### [Description of the task]
Could you restate the entries word for word, without the images?

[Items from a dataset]
%%

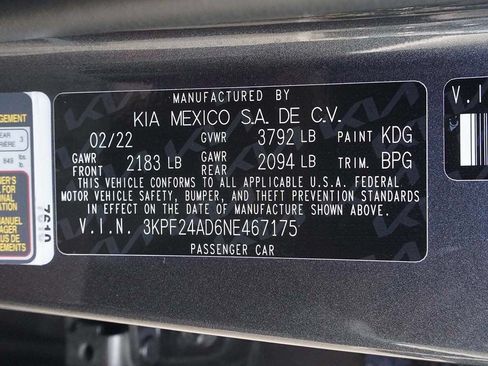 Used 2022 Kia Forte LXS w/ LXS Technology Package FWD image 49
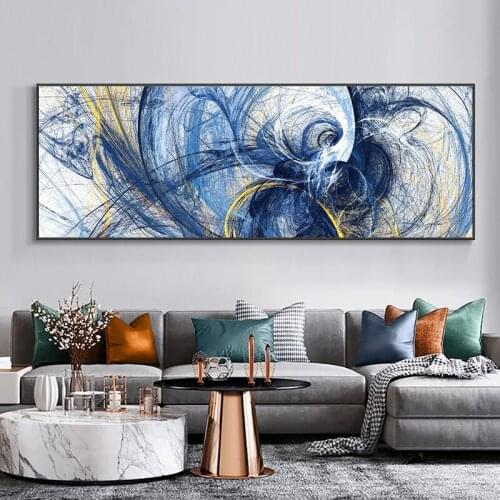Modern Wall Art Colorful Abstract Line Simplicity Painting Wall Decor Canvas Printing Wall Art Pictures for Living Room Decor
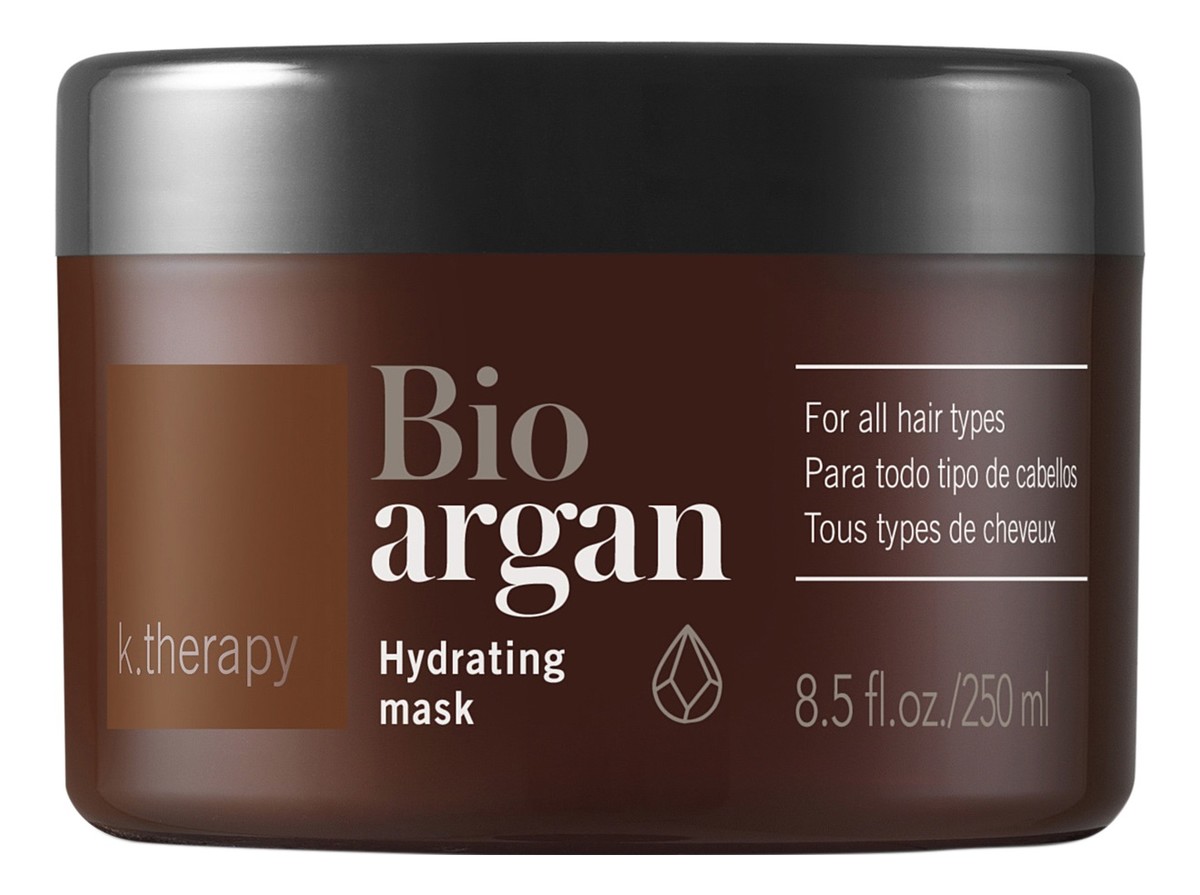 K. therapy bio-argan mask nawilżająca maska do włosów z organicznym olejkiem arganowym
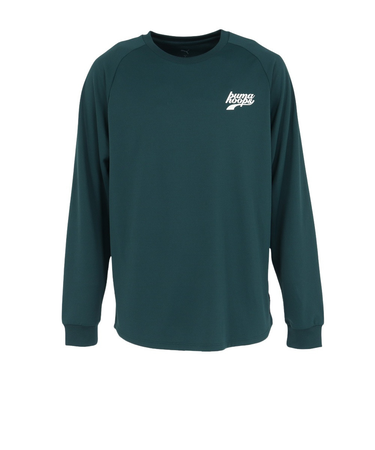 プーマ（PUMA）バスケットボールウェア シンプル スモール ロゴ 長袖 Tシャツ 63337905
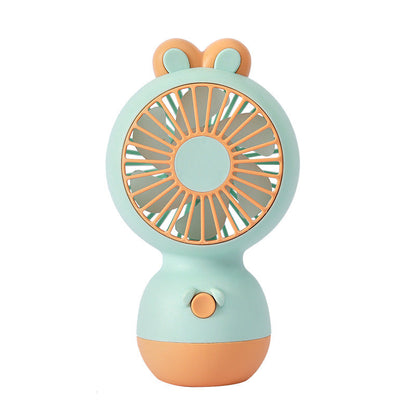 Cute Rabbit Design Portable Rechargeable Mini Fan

%%

### [Response box]
 Used 2022 Kia Forte LXS w/ LXS Technology Package FWD image 49
Modern Wall Art Colorful Abstract Line Simplicity Painting Wall Decor Canvas Printing Wall Art Pictures for Living Room Decor
 K. therapy bio-argan mask nawilżająca maska do włosów z organicznym olejkiem arganowym
 プーマ（PUMA）バスケットボールウェア シンプル スモール ロゴ 長袖 Tシャツ 63337905
 Cute Rabbit Design Portable Rechargeable Mini Fan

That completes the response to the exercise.